(Yicai Global) May 24 -- A Tesla Inc. dealership in Shanghai sold its entire Model X 75D stock in a single day after trimming car prices more than a month before China reduces its vehicle import tariffs.
Sales consultants at the store worked overtime yesterday to sign more than 10 deals, state-backed news site The Paper reported. Tesla sells roughly 300 cars a day worldwide at more than 200 dealerships.
The California-based firm is among a string of overseas carmakers who announced price cuts after the Customs Tariff Commission under China’s cabinet revealed that it would slash full-car import duty to a flat rate of 15 percent from 20 or 25 percent starting from July 1 this year. BMW AG, Audi AG and Volvo Group from Europe all pledged to reduce prices, alongside Japan’s Toyota Motor Corp.
Tesla was first to follow through on its promise and informed its dealerships of the change the same day, allowing buyers to benefit from the lower price despite the new tariffs not yet taking effect.

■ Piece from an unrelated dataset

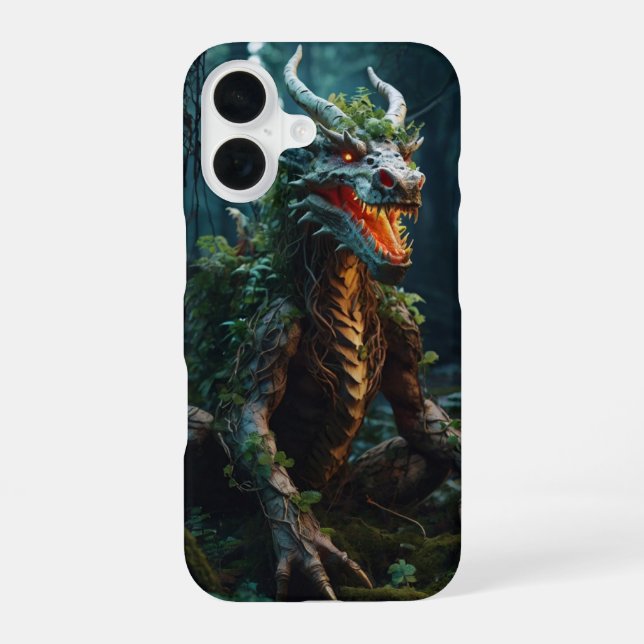 Forest Root Dragon iPhone 16 Case (Back)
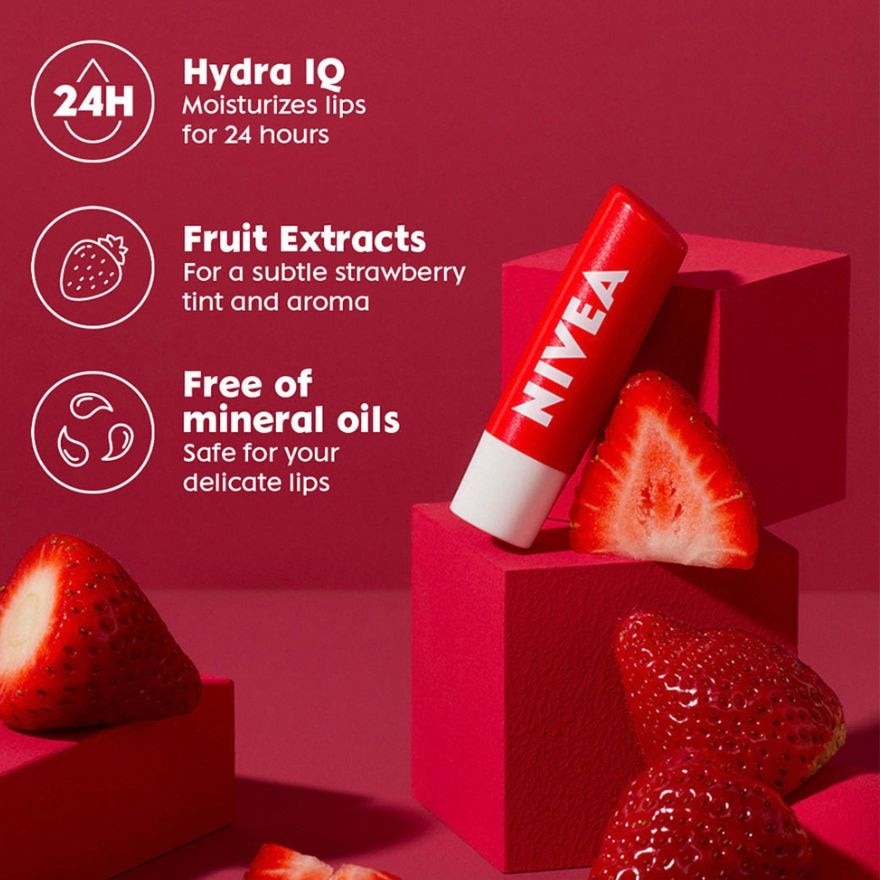 NIVEA Strawberry Shine Lip Balm 4.8g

Workers at the Shanghai store started to contact their customer pipeline immediately, a salesperson told The Paper.
“The cars available were all imported from the States in April and May this year,” the staffer added. “”After selling all of them, we’ll replenish stock when the new tariffs come in. We were losing out on profit with the lowered price as the cars were imported at the old tariff rate -- the Model S 75D was CNY70,000 (USD11,000) cheaper.”
The move comes as Tesla looks to regain ground in the world’s largest auto market, home to the biggest new-energy vehicle sector on the planet, said Li Yanwei, a member of the China Automobile Dealers Association’s committee of experts. The company’s sales dropped 7 percent on the year over the first four months, and if it did not roll out the discount straight away, it risked losing out on a month and a half of sales, he added.
The new price is only available to people who haven’t yet ordered their car, the Tesla worker added, saying those who already have won’t be eligible for it.